4 Reasons Self-Published titles are sometimes better

12 October, 2012 Musing Musers 29 comments

1. Self-Pubbed books are easy on the pocket

This isn’t like a, “they’re cheap!  Come take advantage of them! Mwhahaha!” Thing.  But, on average, self pubbed titles do tend to be very reasonably priced.  And if it’s a good book or an author you like, then it’s good to know that they get the majority of the profit from your sale.  If you’re prepared to research the titles through reviews, friend recommendations or the good press from other self pubbed authors you like, then these books can be a very reliable, inexpensive way to source your reading material.

2. When they’re good – they’re really good

Professional self-pubbed authors put a lot of work into their product.  These books are being increasingly picked up and signed by traditional publishers.  Easy by Tamara Webber, an amazing contemporary young adult novel that Steph and I recently review is now being published by Berkley group, Penguin.  There’s a whole bevy of fantastic, quality books if you’re willing to go find them.  There’s a stigma amongst readers that self-pubbed titles are all just rejects by hacks who couldn’t make the cut in traditional publishing.  But anybody who makes a habit of reading self-published titles can refute this claim.  Just as with traditional publishing- there is garbage.

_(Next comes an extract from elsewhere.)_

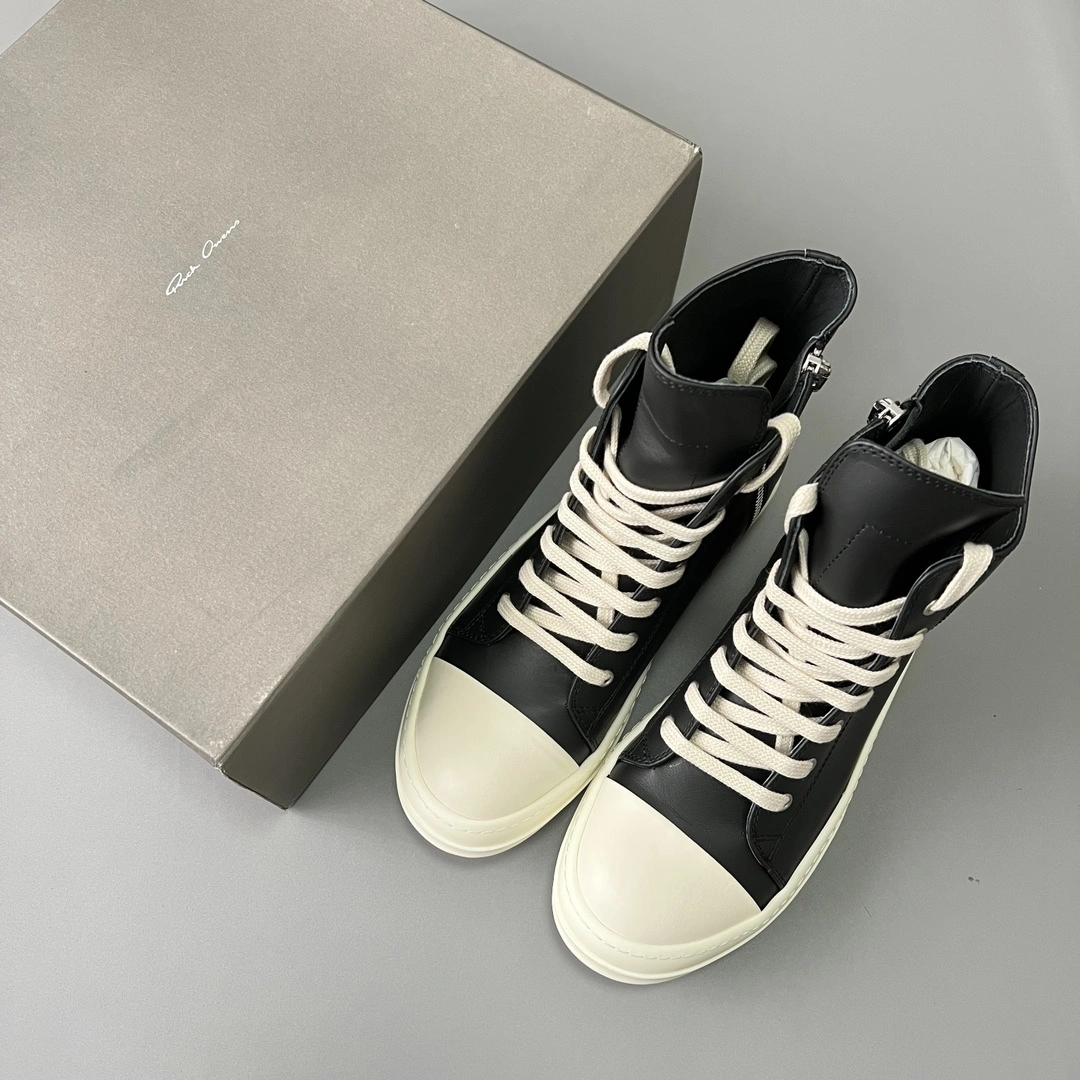 OOBB-- Ow59s RP01D2890LOO-911 item: E-X300H0306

But there is also a lot more competition.  Self published titles have to compete not just amongst themselves but with their traditional counterparts.  It’s sink or swim in an arena where it is all too easy to sink.  The ones that do survive have certainly earned their place and a healthy dose of respect.

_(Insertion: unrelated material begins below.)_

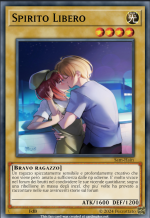 Spirito Libero card.png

3. They’re generally more widely available

Many self published titles are lendable through Kindle, or you can wait until the author has a sale.  Some even do days where they give them away for free.   Most self-pubbed authors upload their books to a variety of sites like Amazon, Smashwords and other hosting sites – giving you a wide variety of choices for where you want to spend your money.

For those overseas, self-published titles are very rarely restricted for your territory.  No more of Amazon not selling you a book because you were born on the wrong continent.  Many of them are also DRM free and they’re thus easier to use on your various devices without locking you down.

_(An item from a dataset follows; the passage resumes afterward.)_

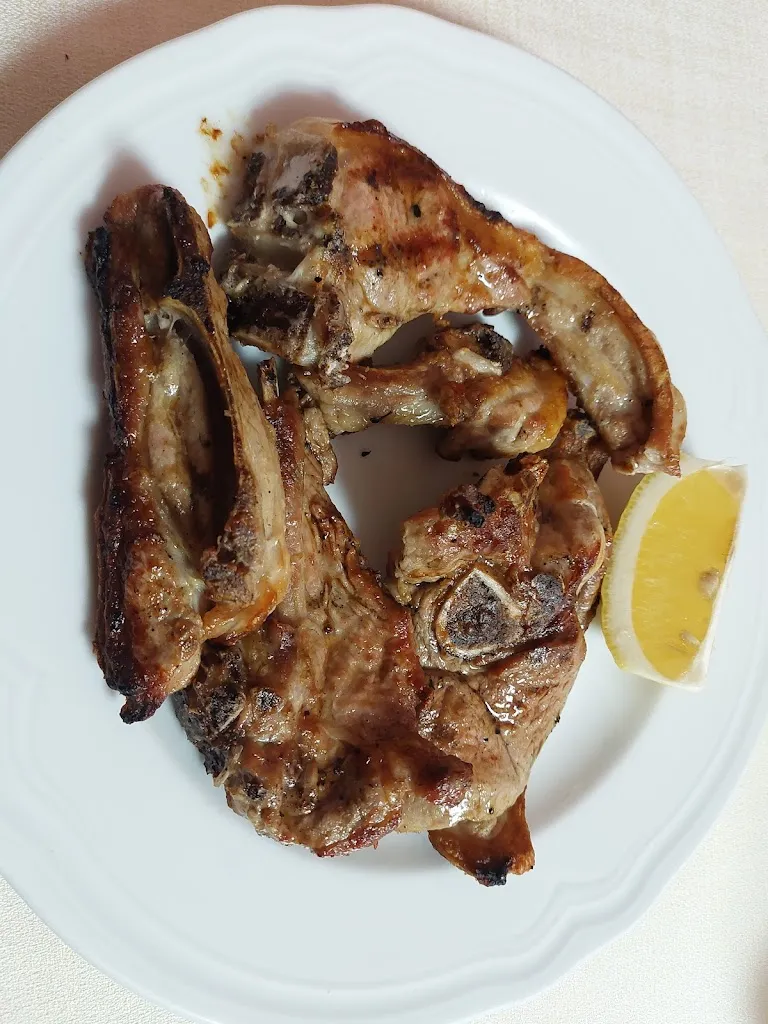 Menu_Ristorante Bar Pallant_Alanno_image_3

4. They provide necessary stories that otherwise wouldn’t be published

Just to be clear – this isn’t a gate keeper rant.  Editors, publishers and agents want to publish great books.  They have to do that whilst making money.  If a book is good, but not commercial, that’s not necessarily anybody’s fault – but it also means it’s not generally going to be able to be traditionally published.

The publisher has a set number of units they need to sell, and they need to do that by appealing to the widest swath of their demographic.  The freedom in self publishing is that the author doesn’t necessarily need to do that.  This is where niches form for those smaller, more concentrated markets.  A nice that might be nice and comfortably sized for a self-published author, even it it’s not enough for a big publisher.

Genres that are considered either dying or dead like Dystopian, horror, chick lit, gothics and westerns and more are either no longer being published by the big houses.  But what about those that still really want to read these genres?  What do they do?  What about genres that don’t really exist – like New Adult.   There’s really only one place to get most of these right now – so if your tastes run toward the eclectic, then welcome to the wonder world of self publishing!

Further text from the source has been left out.